### Activity
Consider the listing below. Extract exactly the lines from the line containing "COTTON JERSEY FOLDOVER" to the line containing "Damen élégant cardigan", both included.

### Task input
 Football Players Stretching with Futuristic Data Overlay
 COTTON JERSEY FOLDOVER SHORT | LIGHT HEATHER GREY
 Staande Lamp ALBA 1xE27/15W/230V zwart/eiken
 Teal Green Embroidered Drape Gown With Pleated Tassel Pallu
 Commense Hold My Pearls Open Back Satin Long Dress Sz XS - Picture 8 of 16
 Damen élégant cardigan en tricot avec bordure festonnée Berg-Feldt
--
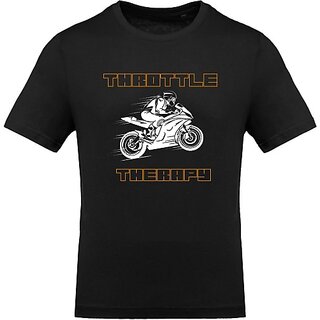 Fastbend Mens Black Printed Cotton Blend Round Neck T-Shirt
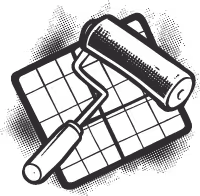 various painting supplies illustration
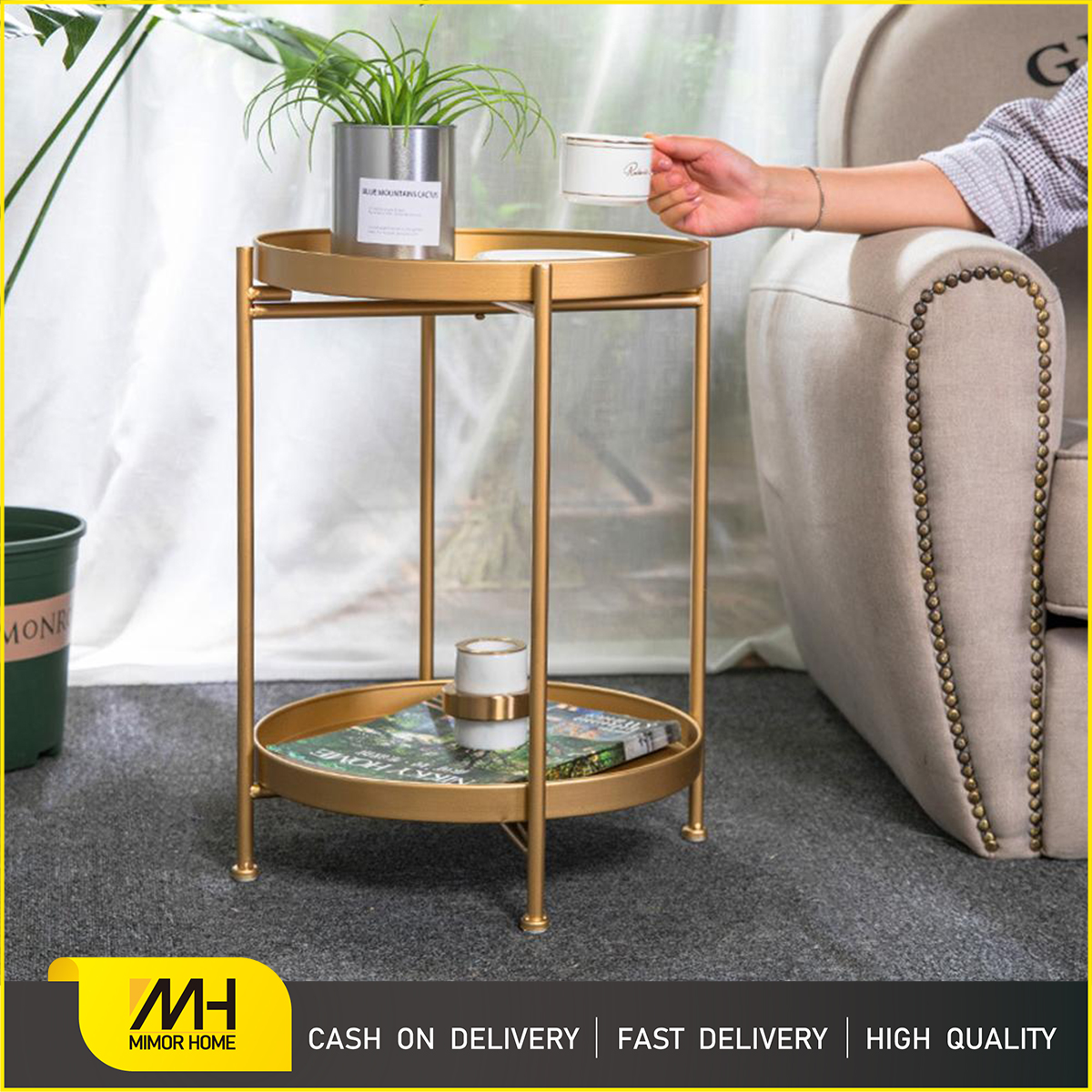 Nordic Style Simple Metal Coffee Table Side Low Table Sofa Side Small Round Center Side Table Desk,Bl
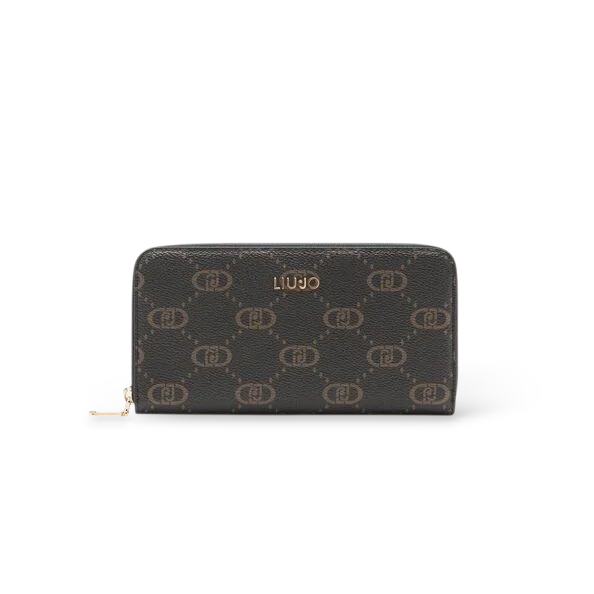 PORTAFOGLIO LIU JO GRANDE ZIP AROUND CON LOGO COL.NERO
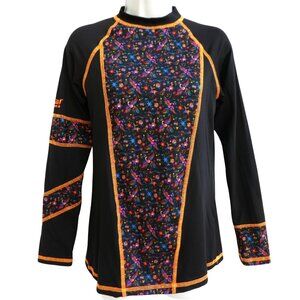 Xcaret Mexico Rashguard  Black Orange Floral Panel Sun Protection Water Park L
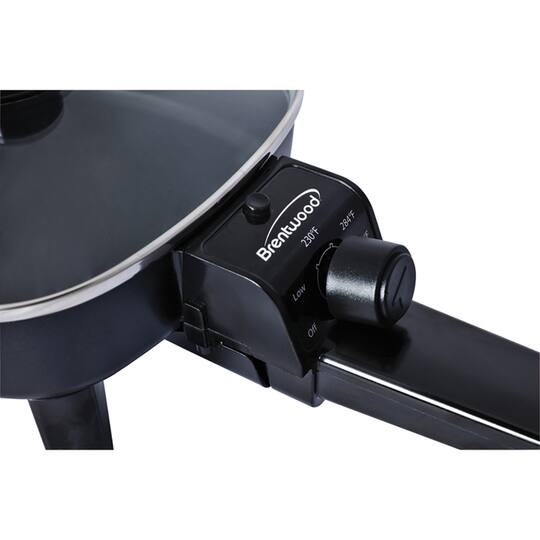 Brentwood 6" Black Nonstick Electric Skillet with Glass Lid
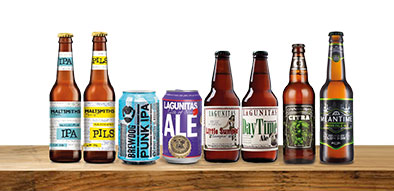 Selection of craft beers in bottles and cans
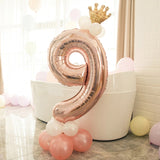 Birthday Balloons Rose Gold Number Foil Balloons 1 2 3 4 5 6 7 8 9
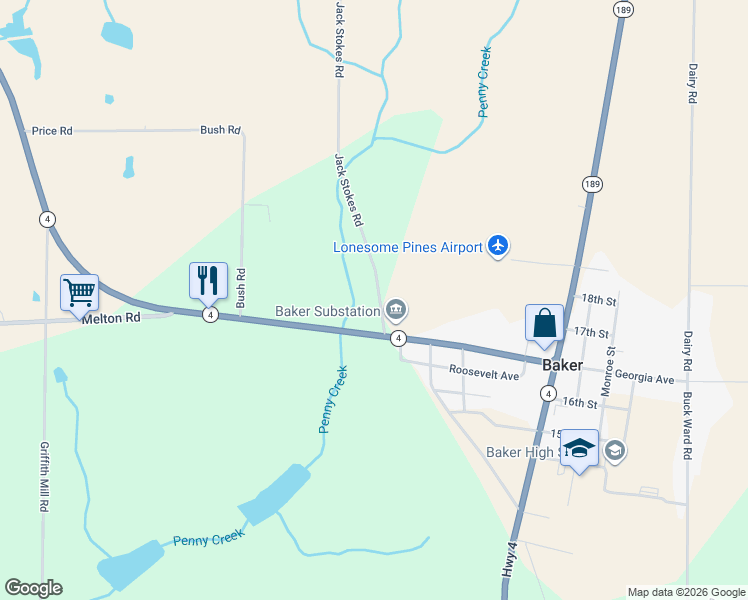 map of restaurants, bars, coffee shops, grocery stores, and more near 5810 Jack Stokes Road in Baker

### Task solution
 COTTON JERSEY FOLDOVER SHORT | LIGHT HEATHER GREY
 Staande Lamp ALBA 1xE27/15W/230V zwart/eiken
 Teal Green Embroidered Drape Gown With Pleated Tassel Pallu
 Commense Hold My Pearls Open Back Satin Long Dress Sz XS - Picture 8 of 16
 Damen élégant cardigan en tricot avec bordure festonnée Berg-Feldt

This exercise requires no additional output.